Politics is what Aristotle called the master science. It rules. But it is also a servant science, a servile science: hence a tricky, subversive, duplicitous science. It is a cancerous science which takes over every attempt to state the truth of it. It is capable of subjugating religion, philosophy and science, all truth, to its imperatives, to turn them when necessary into something useful, something shameful, something expedient, something unwise: old, new, borrowed, blue (and red).
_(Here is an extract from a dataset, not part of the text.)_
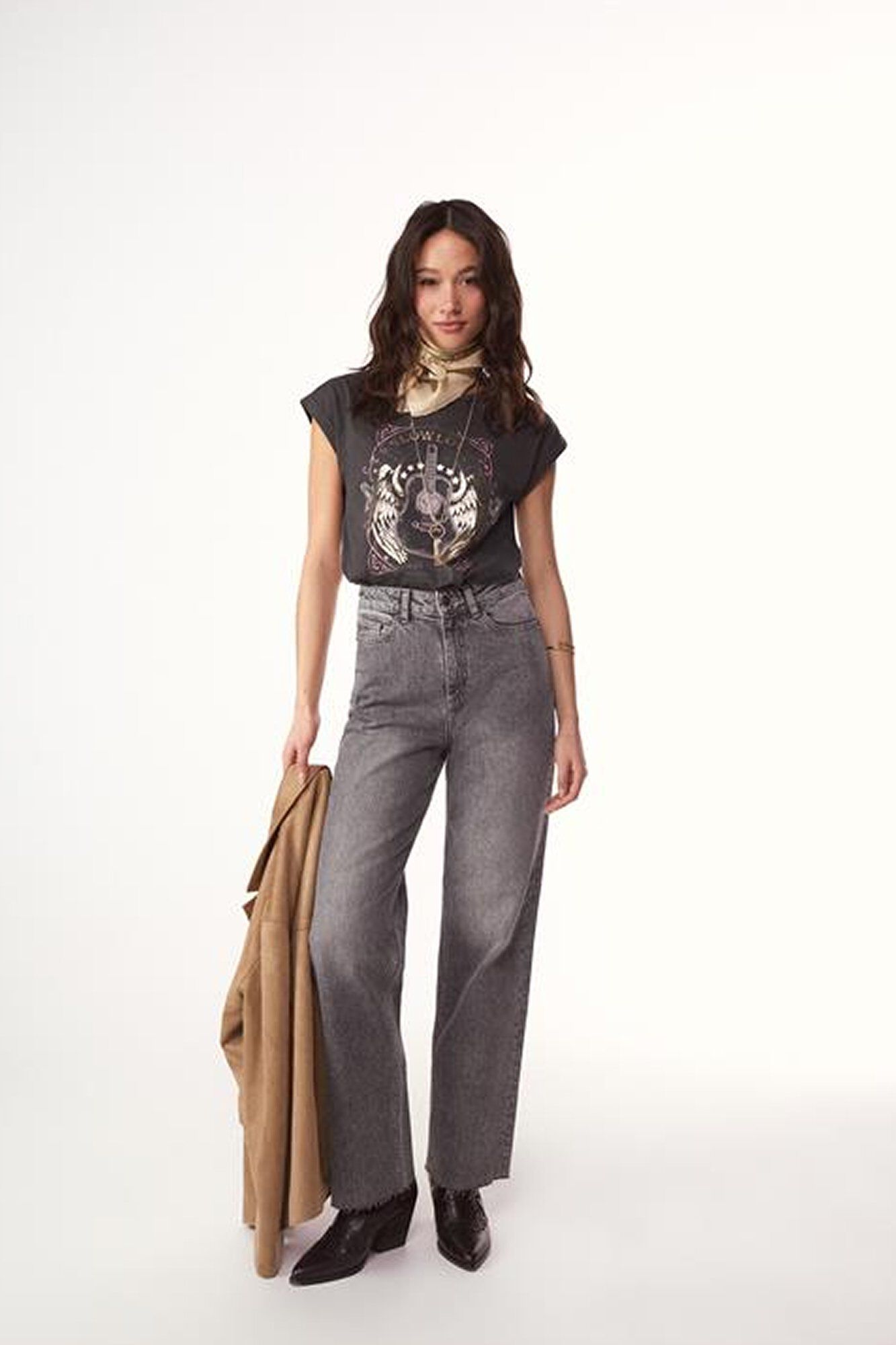 Conjunto de jeans, blazer, bandana, bota y camiseta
Politics deserves the distrust which it has attracted in the last half century. But it also does not. It also deserves the respect which it inspired, say, between 1850 and 1950. The Victorians went too far in one direction: all frock coat, nonconformist conscience and empire exploited in a fit of absence of mind – but at least they believed in order; while the New Elizabethans went too far in the other direction: all Machiavellian misunderstandings, Private Eye prejudices, and worldly-wise trivialities which reverse-engineered the old stable liberal order to create something like, in our time, its Antichrist or Frankenstein.
Scepticism, I need hardly say, is the correct response to everything in politics.